What: Adrian Emberley, #152 ‘mingled with all kinds of colours
When: Now – Feb 11 (see gallery hours)
Where: FAB Gallery
Can a modest art exhibition speak to the colossal cultural practice of painting? How do we parse through colour and line to form meaningful impressions?
These are some of the questions proposed by #152 ‘mingled with all kinds of colours,’ Adrian Emberley’s final visual presentation for the degree of Master of Fine Arts in Painting. The exhibition, which runs in FAB Gallery until February 11, balances keen attention to the formal elements of colour, line, and scale with an exploratory journey through the medium of painting.
Emberley describes his work as a space of play, believing the intangible nature of colour facilitates more imaginative engagement from viewers.
“I think about a child or even a young person and think: how do you get that feeling and that kind of sensibility going on in yourself? One way I approach that is through color,” Emberley says. “I think color can allow us to think a little more freely and to see things in different ways. It can be very abstract in a sense because it’s not material.
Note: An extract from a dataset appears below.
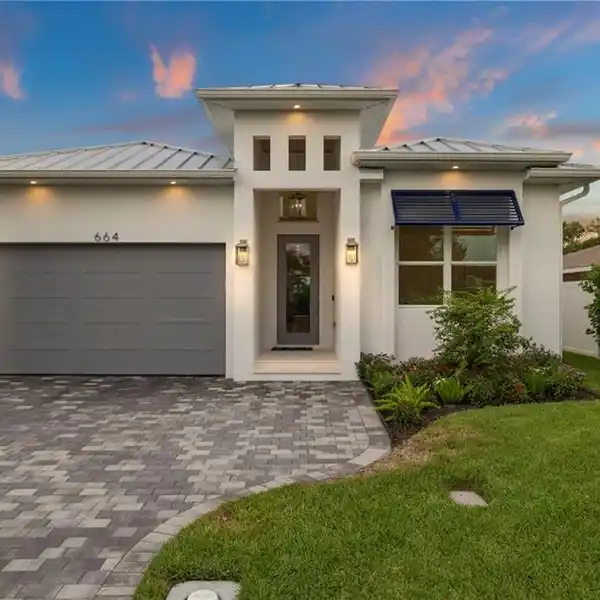 LUXURY POOL HOME WITH SMART AUTOMATION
You have building blocks in front of you and you can change them around and do your thing. (Colours) are very visual (and create) more of an eye-to-brain connection.”
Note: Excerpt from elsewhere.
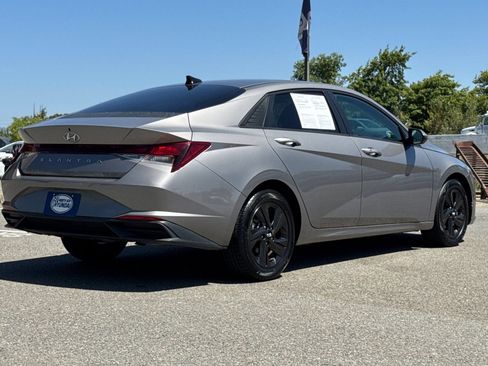 Used 2021 Hyundai Elantra SEL w/ Convenience Package FWD image 4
Highlighting the exhibition is a set of 20 drawings rendered in a mix of acrylic, ink, pencil crayon, and watercolour on paper titled Jenny and Jasper driving along. While Emberley explains the images were are not originally intended to be read sequentially, their placement in the gallery as two rows of 10 suggests otherwise, by invoking the formal conventions of a graphic novel. The series features the eponymous Jenny and Jasper navigating fantastic landscapes of vibrant colour, dizzying shapes, and historic newsprint in a winged car.
Emberley’s early interest in Surrealism and Automatism led him to develop the Jasper character, which serves as a kind of avatar through which to situate viewers within each image. The artist explains that his process for producing this series often consisted of allowing chance to guide his hand.
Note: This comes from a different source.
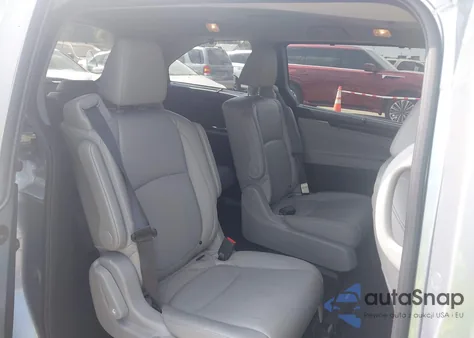 2018 Honda Odyssey Touring from USA, damaged, VIN 5FNRL6H88JB077505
“It’s a very intuitive creative ongoing process,” Emberley adds. “Sometimes I might be drawing and do something just by accident and I’ll make a mark. I might come into the studio again and think: what if I take that and do something? That’s where a lot of this play with form has come.”
The worlds of Jenny and Jasper are not exclusively abstract. Many consciously make visible the cultural practices surrounding painting and visual arts in general. In a nod to his background in Art History, Emberley visually cites a portion of a scene by Dutch painter Jan van Goyen. Here Jenny and Jasper are both spectators and active participants in the image before them. Two other pieces take as their backdrop pages from 1950s and ’60s newspapers featuring cartoons and articles on the Canadian art world. Given its visual exploration of formal elements, history, and discourse in painting, Jenny and Jasper driving along has been rightly described by a fellow artist as “a journey of looking for painting.”
Is painting ever found? A quirky house-like structure — perhaps a museum or gallery— on the last drawing imbues the series with a sense of direction: a final destination. Yet upon closer inspection, viewers will note that the journey is not quite over; a subtle stretch of road on the right points to continuity beyond what the image can reveal.